Comparing two approaches for distributed SPARQL querying : vertex-centric graph exploration and edge-centric relational joins

The Resource Description Framework (RDF) provides a way to represent knowledge in graph form. SPARQL is the language used to query such data;by finding all possible matches of a given query graph over the RDF graph. Over the years;the size of RDF datasets on the web has grown to millions of entities connected by billions of edges, prompting for the development of a large number of distributed RDF stores and query engines to handle very large graphs. These systems differ in many aspects: from storage strategies, to indexing, communication, partitioning and join processing. In this landcape, we identify a trend to use one of two query processing approaches: relational joins and graph exploration. The former tends to decompose the query in individual edges and uses typical RDBMS operators to join their individual results. Therefore we call it an edge-centric approach. The latter aims at better exploiting the graph nature of RDF data. Queries are processed by visiting the vertices of the RDF graph following the shape of the query graph, and collecting results along the way via message passing. This qualifies it as a vertex-centric approach. This thesis compares these two approaches and investigates how other design decisions -- such as indexes, query plan shape and pruning strategies -- positively or negatively influence them, with particular focus on a distributed setting. For a fair comparison, we concentrate on two ad-hoc implementations -- also described here -- that share the same technological stack and include typical aspects of each paradigm, but we also include three state of the art engines that implement different ideas. Our analysis shows that graph-based methods better suit the unstructured nature of RDF data and the distributed setting. We also find out that the success of some relational-based engines is largely due to their ability to shift away from some typical assumptions of relational query processing and adapt to the peculiarities of RDF.

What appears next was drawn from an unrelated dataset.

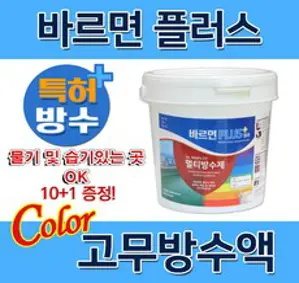 1L 바르면 플러스 회색 컬러 고무탄성 방수페인트 어디나 침투 지붕 옥상 방수 내외벽 베란다 텐트 우레탄 에폭시 발수 콘크리트 마루 목재 철재 벽돌 타일 판넬 몰탈면 드라이비트 크랙, 1개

Il Resource Description Framework (RDF) fornisce un modello a grafo per rappresentare la conoscenza. SPARQL è il linguaggio utilizzato per interrogare RDF, fornendo tutte le possibili sovrapposizioni del grafo di query su quello dei dati. Nel corso degli anni i dataset RDF sono arrivati ad includere milioni di vertici collegati da miliardi di archi. Questo ha portato allo sviluppo di un grande numero di sistemi distribuiti atti a memorizzare ed interrogare enormi grafi. Essi differiscono in molti aspetti, tra cui memorizzazione, indicizzazione, comunicazione, partizionamento e processamento delle join. In questo panorama, identifichiamo principalmente due approcci di elaborazione delle query: join relazionali ed esplorazione del grafo. Il primo tende a decomporre la query in singoli archi e usa operatori tipici dei RDBMS, per questo lo definiamo edge-centric. Il secondo è orientato a sfruttare meglio la natura dei dati RDF. Le query vengono proccessate visitando i vertici del grafo RDF seguendo la struttra imposta dal grafo della query, e raccogliendo i risultati lungo il cammino tramite scambio di messaggi. Questo lo rende un metodo vertex-centric. Questa tesi compara i due approcci e analizza come altre scelte di progettazione -- come indici e struttura dei piani di query -- possano influenzarli positivamente o negativamente, con particolare attenzione ad un contesto distribuito. Per rendere la comparazione equa, si concentra principalmente su due implementazioni ad-hoch -- anch'esse qui descritte -- che presentano aspetti tipici di ciascun paradigma, ma condividono la stessa tecnologia sottostante. A questi affianchiamo anche tre sistemi allo stato dell'arte, che differiscono in alcuni aspetti. La nostra analisi mostra che i metodi basati su grafi si adattano meglio sia alla natura non strutturata dei dati RDF che al contesto distribuito. Scopriamo anche che il successo di alcuni sistemi basati sull'approccio relazionale è spesso dovuto al discostamento da alcune assunzioni tipiche dei database relazionali, per poi adattarsi al modello RDF.